What is being asked:
Retype the listing below line for line, but only from the line with "Junior opposite Rachel" down to the line with "A man stands", inclusive. Pictures stay out.

Records supplied:
______________________________

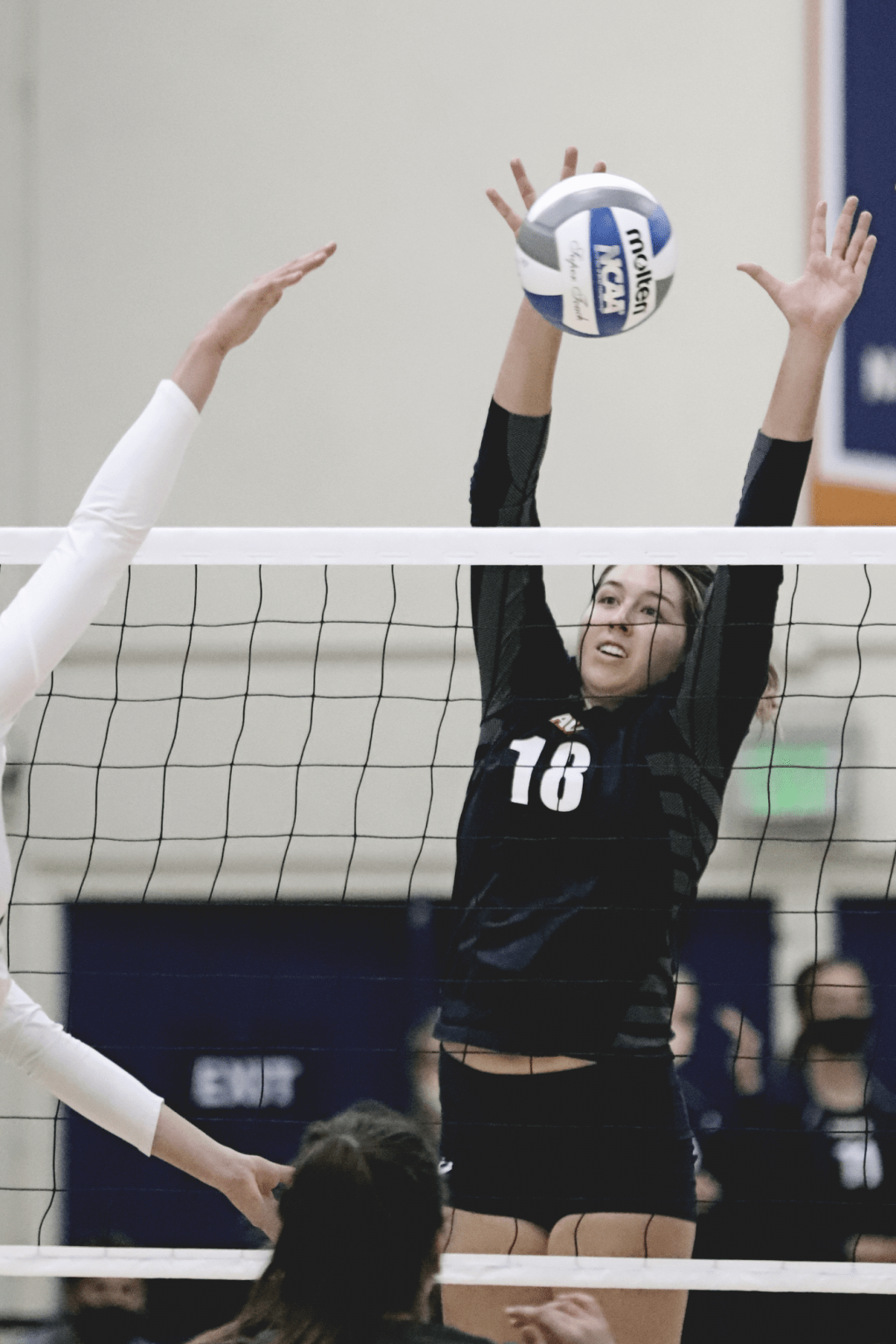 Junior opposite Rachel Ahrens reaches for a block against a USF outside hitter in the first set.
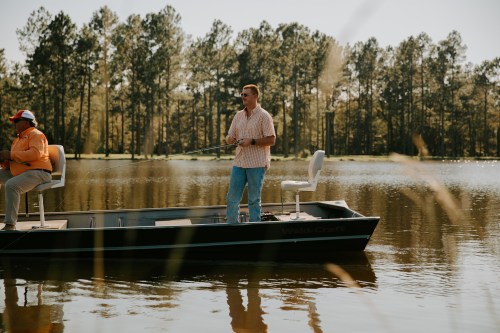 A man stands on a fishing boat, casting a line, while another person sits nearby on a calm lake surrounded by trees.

______________________________

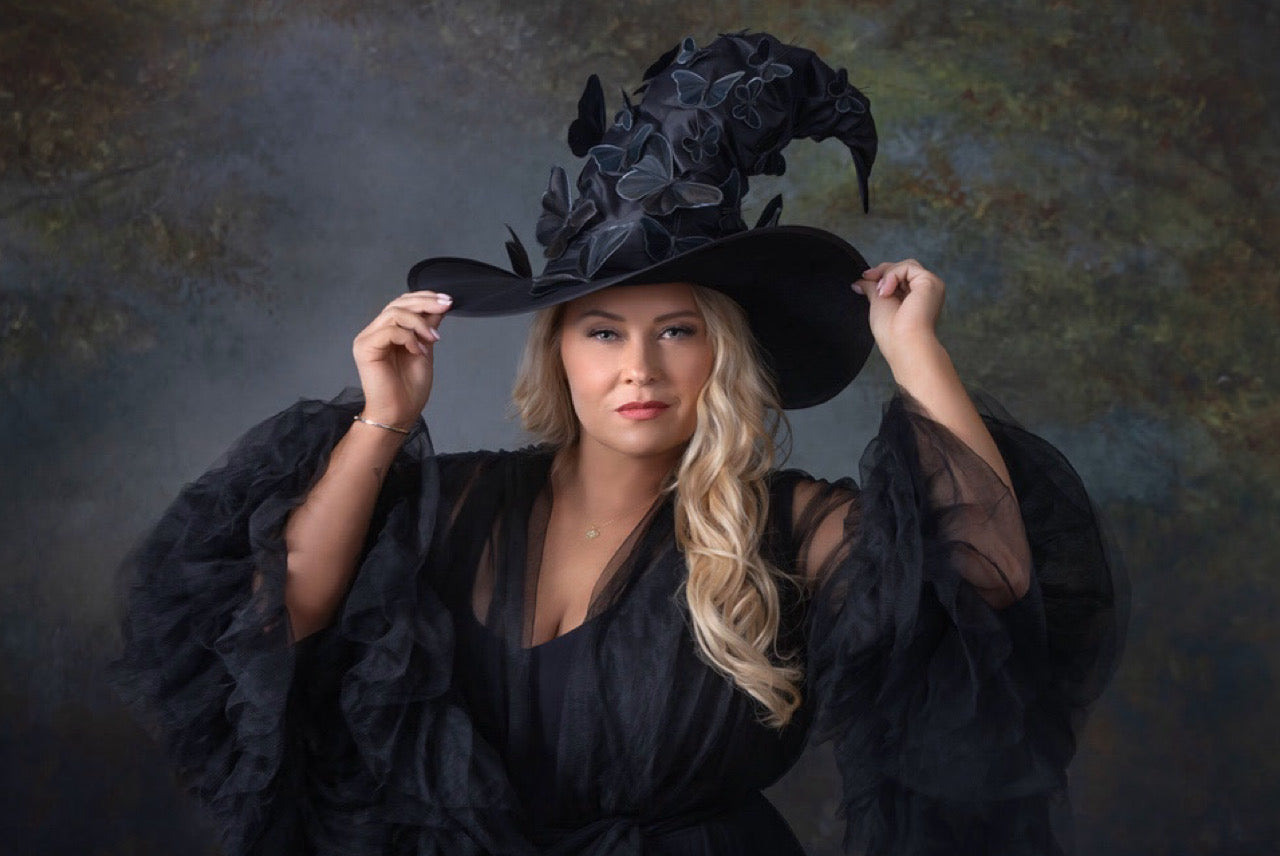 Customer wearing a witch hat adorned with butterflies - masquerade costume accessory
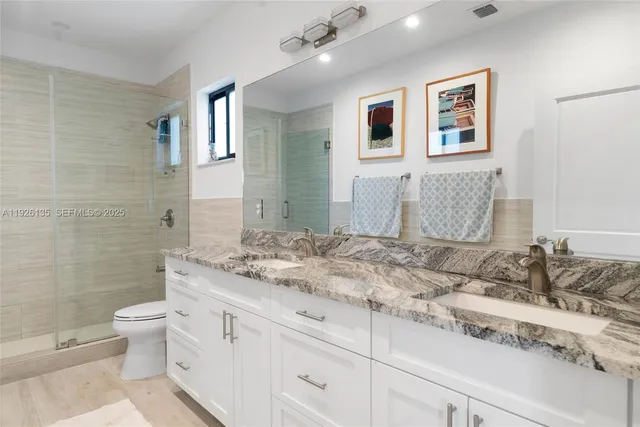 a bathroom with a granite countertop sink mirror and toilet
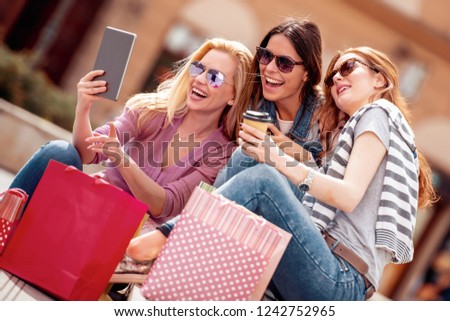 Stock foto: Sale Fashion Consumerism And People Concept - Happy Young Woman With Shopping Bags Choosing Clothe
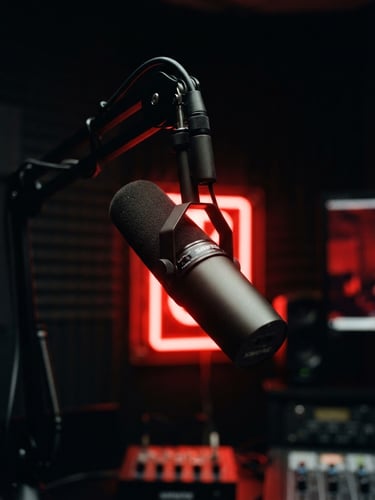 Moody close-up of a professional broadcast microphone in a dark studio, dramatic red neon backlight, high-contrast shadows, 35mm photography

______________________________

Reply:
 Junior opposite Rachel Ahrens reaches for a block against a USF outside hitter in the first set.
 A man stands on a fishing boat, casting a line, while another person sits nearby on a calm lake surrounded by trees.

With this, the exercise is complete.